Наличие номера телефон будет являться гарантом!
Если же его не окажется - то каждый сам решает - переводить ли ему деньги на неизвестный номер или нет. 





> Bacardi, Каким образом будешь составлять списки мошенников?



Необходимо создать тему, где каждый, кто столкнулся сам или его знакомые- вносил бы номер в нее!

Когда накопится много номеров - упорядочить их!

Тем не менее нужно начать эту работу, а не просто глотать сообщения от мошенников!

----------


## Damien

> Если же его не окажется - то каждый сам решает - переводить ли ему деньги на неизвестный номер или нет.


т.е. этот список рассчитан только на осторожных, но чрезмерно доверчивых людей, которые полезут на сайт проверять номер?

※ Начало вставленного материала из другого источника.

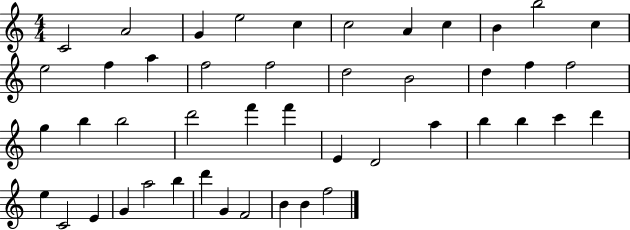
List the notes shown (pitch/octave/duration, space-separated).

C4/h A4/h G4/q E5/h C5/q C5/h A4/q C5/q B4/q B5/h C5/q E5/h F5/q A5/q F5/h F5/h D5/h B4/h D5/q F5/q F5/h G5/q B5/q B5/h D6/h F6/q F6/q E4/q D4/h A5/q B5/q B5/q C6/q D6/q E5/q C4/h E4/q G4/q A5/h B5/q D6/q G4/q F4/h B4/q B4/q F5/h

> Тем не менее нужно начать эту работу


чтоб, действительно, дать отпор таким мошенникам - в первую очередь нужно донести до, как можно, большей части населения что не стоит отвечать на странные просьбы с незнакомых номеров. Идеально было бы сообща бороться с мошеничеством, привлекая органы и операторов.
А ведение никому не нужных списков, которые все равно не дойдут до потенциальной жертвы, слишком пассивно и больше похоже на соревнование - кто затащит в базу побольше номеров.

----------


## Bacardi

> в первую очередь нужно донести до, как можно, большей части населения что не стоит отвечать на странные просьбы с незнакомых номеров. Идеально было бы сообща бороться с мошеничеством, привлекая органы и операторов.

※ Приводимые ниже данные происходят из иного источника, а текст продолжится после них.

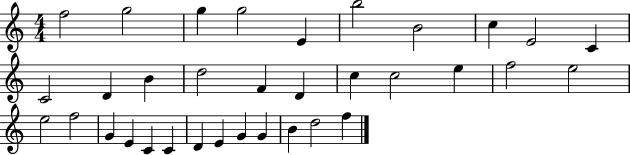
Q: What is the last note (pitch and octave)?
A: F5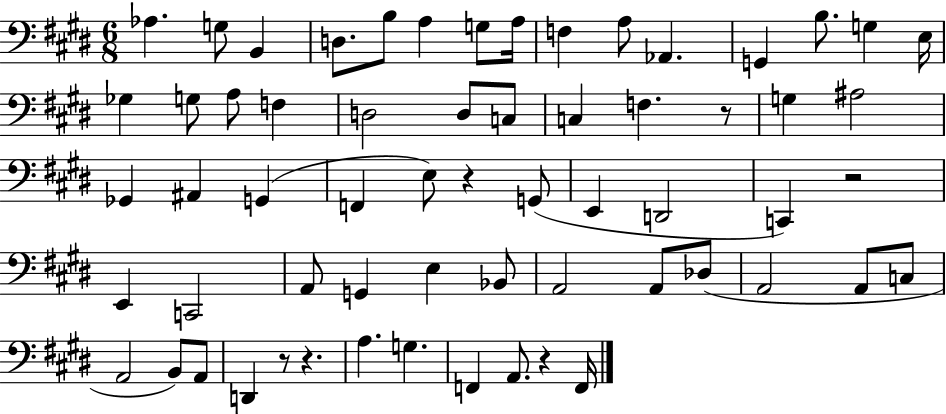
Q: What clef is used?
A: bass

Ты готов заняться этой работой?

Я предполагаю что не готов!

И ответ "не готов" еще раз доказывает беплатность проекта "ВирусИнфо".

А я всего лишь предлагаю вводить сюда такие номера! 
И хотя бы тем, кто здесь зарегистрирован, будет известно - что это дело рук мошенников!


 :Wink:

----------


## Torvic99

> А я всего лишь предлагаю вводить сюда такие номера!
> И хотя бы тем, кто здесь зарегистрирован, будет известно - что это дело рук мошенников!

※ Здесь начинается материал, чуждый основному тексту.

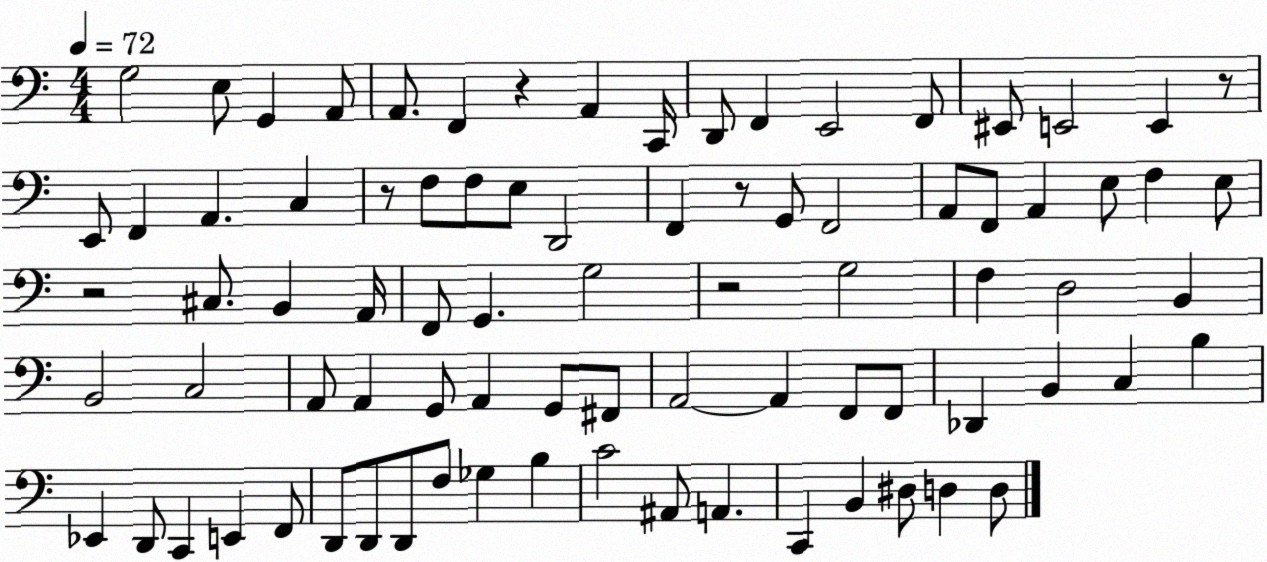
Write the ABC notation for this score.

Я с вас удивляюсь, какие такие номера - мошенники меняют симку на раз два.

----------


## Bacardi

> какие такие номера - мошенники меняют симку на раз два.


То есть 6 миллиардов людей кинуло по 1000р на симку, а мошенник то и не в курсе, так?
 :Cheesy: 

Вы забываете: в сообщении всегда указано два номера!

 :Wink:

----------


## Damien

> 6 миллиардов людей кинуло по 1000р на симку


попробуй представить образ потенциальной жертвы мошенников. После этого поймешь - они вряд ли зайдут в 4 часа ночи на этот сайт  :Smiley: 
А те, кто в курсе - им даже списки не нужны, на самом то деле.




> Ты готов заняться этой работой?
> 
> Я предполагаю что не готов!


ну а вдруг здесь найдутся какие нибудь тимуровцы?

Бессмысленная работа ведь тоже никому не нужна. От ведения списков вообще никакой пользы, в отличие от показательных наказаний. Когда мошенник увидит, что у него есть пределенный шанс "загреметь" - он сто раз подумает, прежде чем заводить очередной платный номер.
Разных списков и так - пруд-пруди по простому запросу типа - "телефоны мошенников". Но, как думаешь, много ли бабушек умеют пользоваться интернетами?

Как не стать жертвой мобильного мошенника?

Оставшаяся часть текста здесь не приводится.